IN 1975, as Papua New Guinea claimed its independence and imagined its future, officials set about commissioning a parliament building for Port Moresby which might embody the spirit of the newly-sovereign nation. 

It was a challenging task in a pulsating democracy of more than 800 proud ethnicities, each with distinctive language, art, songs, stories, totems, traditions; running the gamut from volatile highlanders to the more laid-back coastal types. 

Architects in the contest to design the parliament house were encouraged to incorporate motifs from across the land in the (vain) hope this might mitigate offence because in a country where identity is defined by clan, rivalries run deep and symbolism is potent.

One core directive was to render the new capital “in the manner of a Haus Man (men’s house) in a village society”, familiar across most communities as the seat of local authority. 

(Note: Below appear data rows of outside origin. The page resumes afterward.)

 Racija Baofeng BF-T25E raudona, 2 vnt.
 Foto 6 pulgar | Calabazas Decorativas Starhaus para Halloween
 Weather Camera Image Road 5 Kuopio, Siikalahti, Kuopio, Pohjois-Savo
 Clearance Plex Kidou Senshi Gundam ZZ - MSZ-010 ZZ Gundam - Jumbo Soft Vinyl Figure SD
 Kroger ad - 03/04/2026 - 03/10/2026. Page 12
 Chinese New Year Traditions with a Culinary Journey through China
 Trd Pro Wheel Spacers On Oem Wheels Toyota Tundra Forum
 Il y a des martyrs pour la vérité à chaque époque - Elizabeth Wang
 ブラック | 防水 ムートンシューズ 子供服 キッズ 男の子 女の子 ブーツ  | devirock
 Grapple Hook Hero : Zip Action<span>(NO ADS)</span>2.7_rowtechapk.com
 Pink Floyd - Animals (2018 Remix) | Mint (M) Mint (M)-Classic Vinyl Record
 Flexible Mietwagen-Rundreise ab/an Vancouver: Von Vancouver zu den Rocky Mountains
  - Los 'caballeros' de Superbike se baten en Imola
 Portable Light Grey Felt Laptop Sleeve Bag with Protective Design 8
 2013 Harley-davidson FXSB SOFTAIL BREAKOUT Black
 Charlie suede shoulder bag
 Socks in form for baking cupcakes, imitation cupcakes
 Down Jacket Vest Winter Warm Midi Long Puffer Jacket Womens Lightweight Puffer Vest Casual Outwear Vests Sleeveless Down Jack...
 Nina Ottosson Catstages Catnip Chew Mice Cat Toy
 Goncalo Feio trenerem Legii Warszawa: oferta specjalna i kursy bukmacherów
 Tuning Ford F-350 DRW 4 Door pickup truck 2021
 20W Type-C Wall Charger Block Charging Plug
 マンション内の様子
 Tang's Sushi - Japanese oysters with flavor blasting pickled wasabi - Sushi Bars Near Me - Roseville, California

The eventual structure, which opened in 1984, fulfilled the brief with a soaring interpretation of a Sepik spirit house, where men assemble and perform secret rituals.

There was some nervousness that noses might be out of joint at Sepik culture seizing star billing, and some were, but the prime minister of the day, proud Sepik son, Michael Somare, was apparently most satisfied. 

What women might have thought about this shrine to masculine authority appears not to have been much of a consideration. 

And so it was that even the architecture of power in modern PNG conspired to lock women out. 

Custom banned women from entering, even approaching, a Haus Tambaran, as the parliament is colloquially known.

Nonetheless, intriguingly, the mosaic over the public entrance to the parliament depicts two warriors – one male, one female – of equal size and on equal footing, standing guard over the country’s resources. This was likely an expression of aspiration, according to an anthropological analysis of the influences that shaped the building. 

Today, it just smacks of cruel delusion.

Much has changed in a country that has undergone warp-speed transition from traditional life through colonisation, self-government, independence and modernisation in less than three generations, but not the women’s place. 

Dr Betty Lovai, one of the nation’s most senior female academics, attests that even for women such as herself “to speak up, in front of men, can be deeply intimidating”.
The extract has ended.